What This Does Not Change
The Eco Green deal does not alter EGA’s dependence on primary aluminium production for the bulk of its revenue. Recycling capacity of 400,000 tonnes, while significant, remains a fraction of EGA’s total output. The financial terms of the acquisition were not disclosed, making it difficult to assess the return profile or how much capital EGA is deploying across its recycling platform.
Regulatory approval is still pending, and the Nogara expansion timeline — early second half of 2026 — introduces execution risk. European scrap markets are also competitive, with established local players and tightening export regulations that could affect supply availability.
Investors looking for a clear earnings impact from this deal will need to wait for more disclosure from EGA on how recycling contributes to its consolidated financials.
The most immediate beneficiaries are European manufacturers seeking verified low-carbon aluminium supply. EGA’s growing recycling network gives them a new source with Gulf-backed financial stability. For Mubadala and ICD as shareholders, the recycling push diversifies EGA’s revenue base and aligns the company with tightening EU sustainability regulations — a positioning play that should pay off over the next three to five years.
Gulf Industrials Are Building Global Circular Supply Chains
EGA’s acquisition pattern — Germany in 2024, the US later that year, Italy now — traces a deliberate arc. Gulf-based industrial companies are no longer content to export raw materials and let others capture downstream value.
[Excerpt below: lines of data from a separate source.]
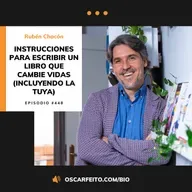Instrucciones para escribir un libro que cambie vidas (incluyendo la tuya), con Rubén Chacón | Episodio 448
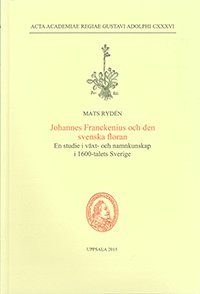 Johannes Franckenius och den svenska floran (hftad)
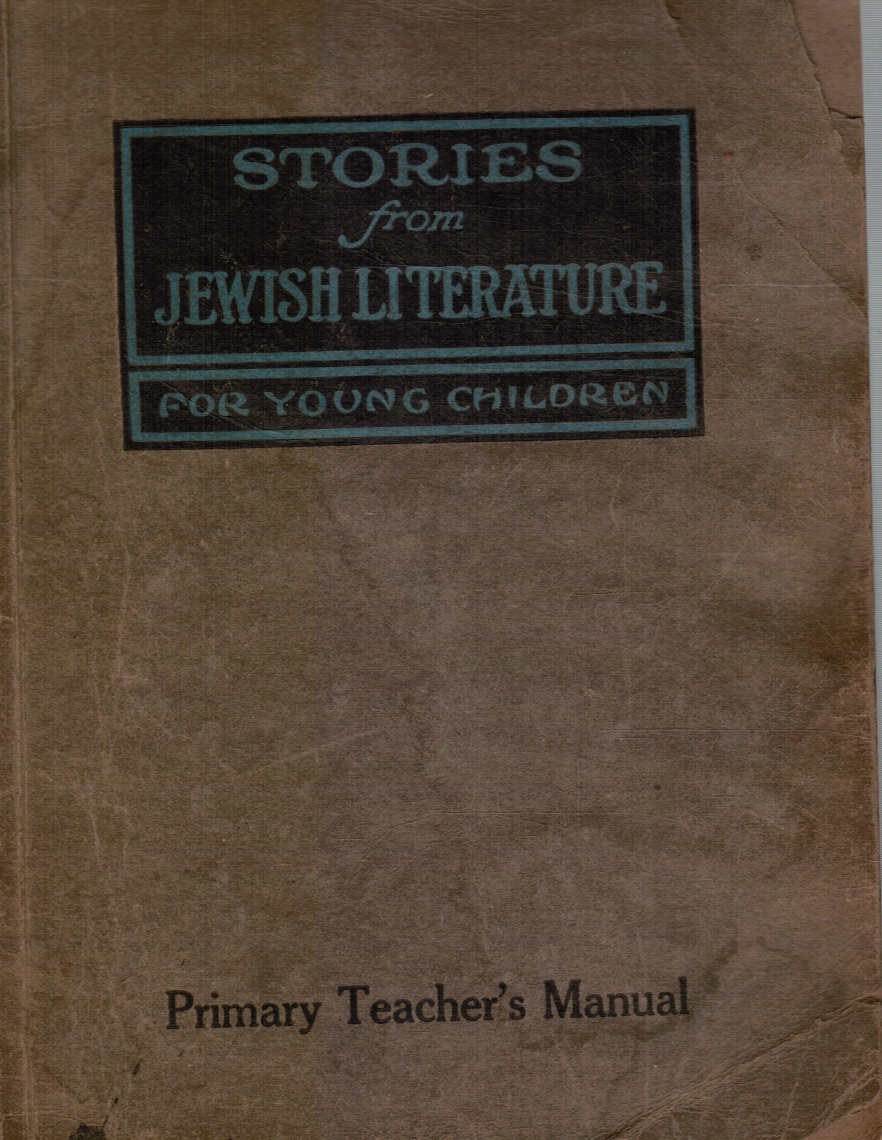 Image for Stories from Jewish Literature: a Teacher's Manual for the Second Year's Work of the Primary Department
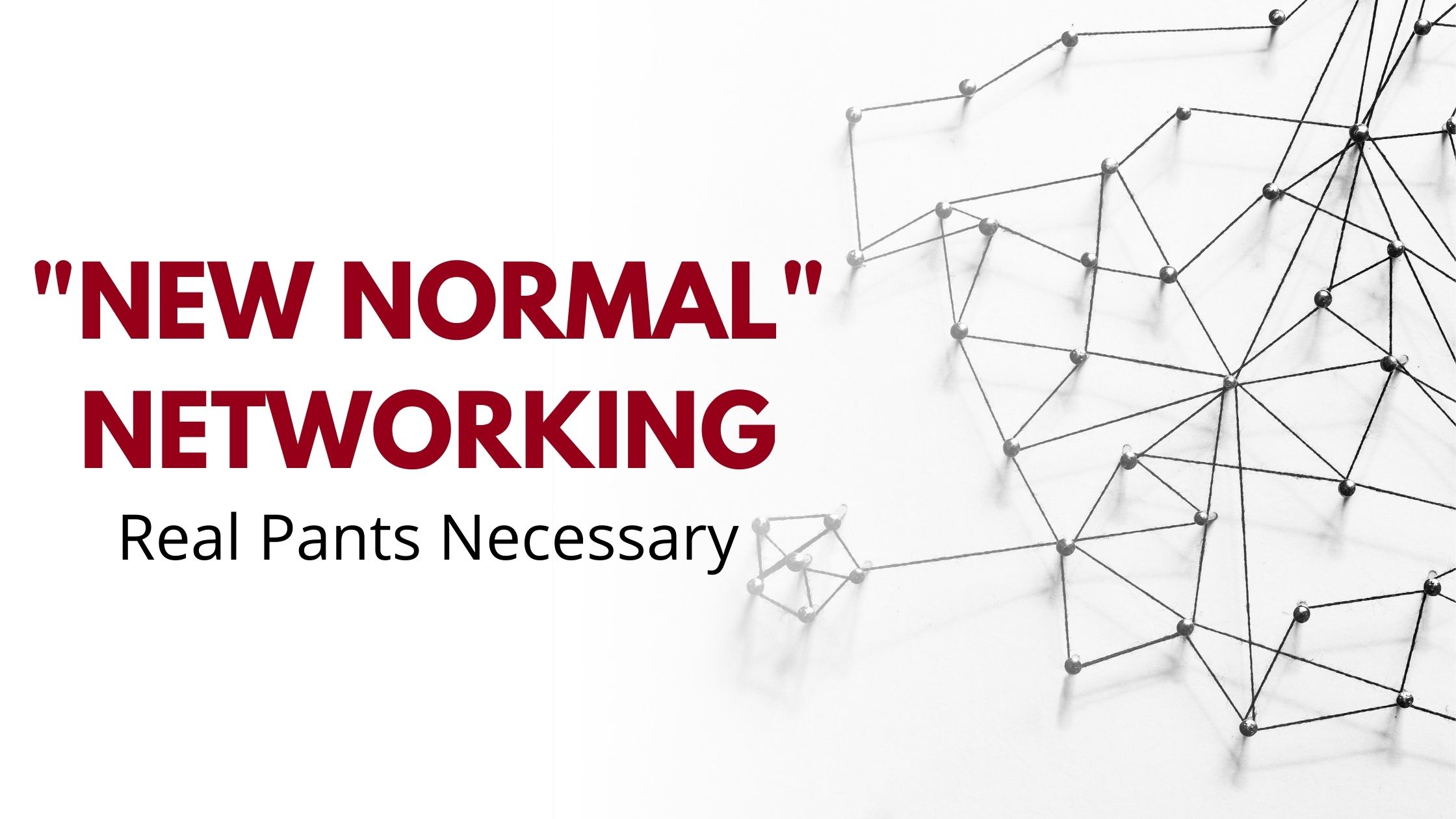 networking in the new normal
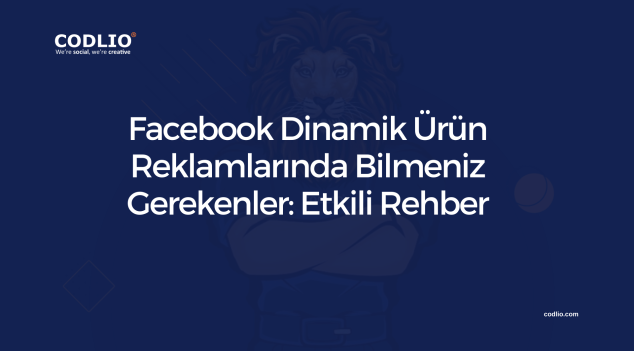 Facebook Dinamik Ürün Reklamlarında Bilmeniz Gerekenler: Etkili Rehber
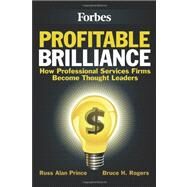 Profitable Brilliance by Prince, Russ Alan; Rogers, Bruce H., 9781475231366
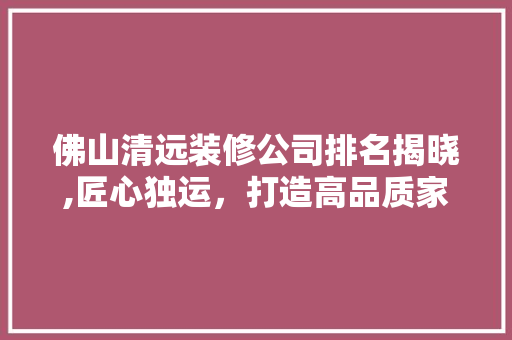 佛山清远装修公司排名揭晓,匠心独运，打造高品质家居环境 佛山清远装修公司排名揭晓,匠心独运，打造高品质家居环境 MI家装修经验
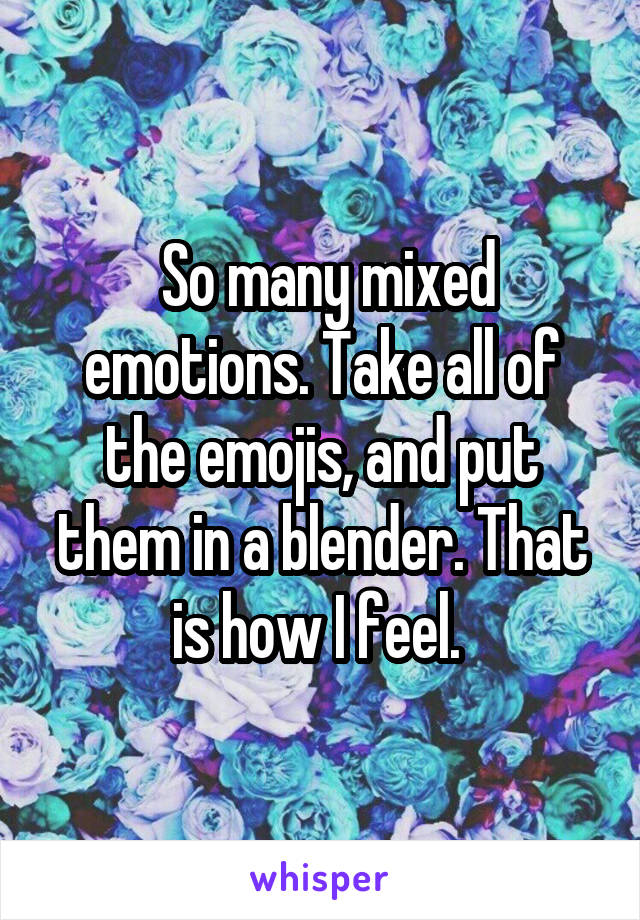  So many mixed emotions. Take all of the emojis, and put them in a blender. That is how I feel. 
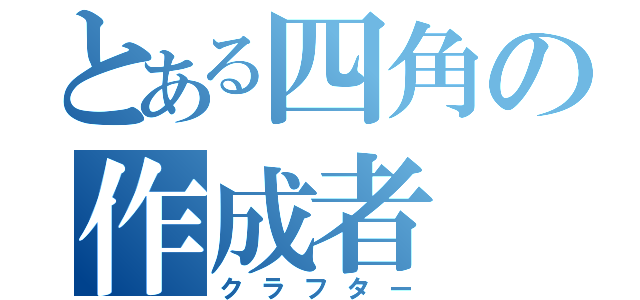 とある四角の作成者（クラフター）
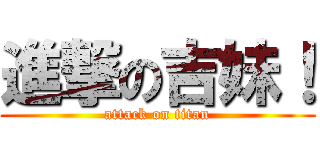 進撃の吉妹！ (attack on titan)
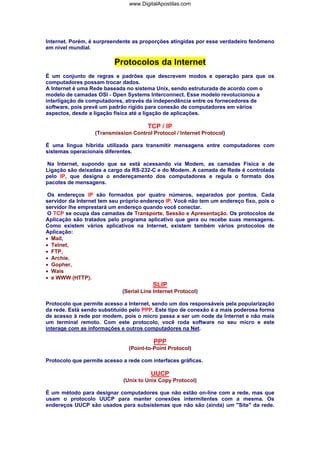 www.DigitalApostilas.com

Internet. Porém, é surpreendente as proporções atingidas por esse verdadeiro fenômeno
em nível mundial.

Protocolos da Internet
É um conjunto de regras e padrões que descrevem modos e operação para que os
computadores possam trocar dados.
A Internet é uma Rede baseada no sistema Unix, sendo estruturada de acordo com o
modelo de camadas OSI - Open Systems Interconnect. Esse modelo revolucionou a
interligação de computadores, através da independência entre os fornecedores de
software, pois prevê um padrão rígido para conexão de computadores em vários
aspectos, desde a ligação física até a ligação de aplicações.

TCP / IP
(Transmission Control Protocol / Internet Protocol)
É uma língua híbrida utilizada para transmitir mensagens entre computadores com
sistemas operacionais diferentes.
Na Internet, supondo que se está acessando via Modem, as camadas Física e de
Ligação são deixadas a cargo da RS-232-C e do Modem. A camada de Rede é controlada
pelo IP, que designa o endereçamento dos computadores e regula o formato dos
pacotes de mensagens.
Os endereços IP são formados por quatro números, separados por pontos. Cada
servidor da Internet tem seu próprio endereço IP. Você não tem um endereço fixo, pois o
servidor lhe emprestará um endereço quando você conectar.
O TCP se ocupa das camadas de Transporte, Sessão e Apresentação. Os protocolos de
Aplicação são tratados pelo programa aplicativo que gera ou recebe suas mensagens.
Como existem vários aplicativos na Internet, existem também vários protocolos de
Aplicação:
• Mail,
• Telnet,
• FTP,
• Archie,
• Gopher,
• Wais
• e WWW (HTTP).

SLIP
(Serial Line Internet Protocol)
Protocolo que permite acesso a Internet, sendo um dos responsáveis pela popularização
da rede. Está sendo substituído pelo PPP. Este tipo de conexão é a mais poderosa forma
de acesso à rede por modem, pois o micro passa a ser um node da Internet e não mais
um terminal remoto. Com este protocolo, você roda software no seu micro e este
interage com as informações e outros computadores na Net.

PPP
(Point-to-Point Protocol)
Protocolo que permite acesso a rede com interfaces gráficas.

UUCP
(Unix to Unix Copy Protocol)
É um método para designar computadores que não estão on-line com a rede, mas que
usam o protocolo UUCP para manter conexões intermitentes com a mesma. Os
endereços UUCP são usados para subsistemas que não são (ainda) um "Site" da rede.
The circular economy, once a European policy buzzword, is becoming a commercial strategy for MENA’s sovereign-backed firms.
As the EU’s Carbon Border Adjustment Mechanism tightens and global automakers demand lower-carbon inputs, companies that control both primary production and recycled supply will hold pricing power. EGA is building exactly that kind of integrated position, and the Eco Green deal is the latest piece in a structure that stretches from Abu Dhabi to Verona to Minnesota.
The 400,000-tonne recycling threshold EGA is crossing now will look like a starting point, not a ceiling, if European demand for low-carbon aluminium follows the trajectory regulators are setting.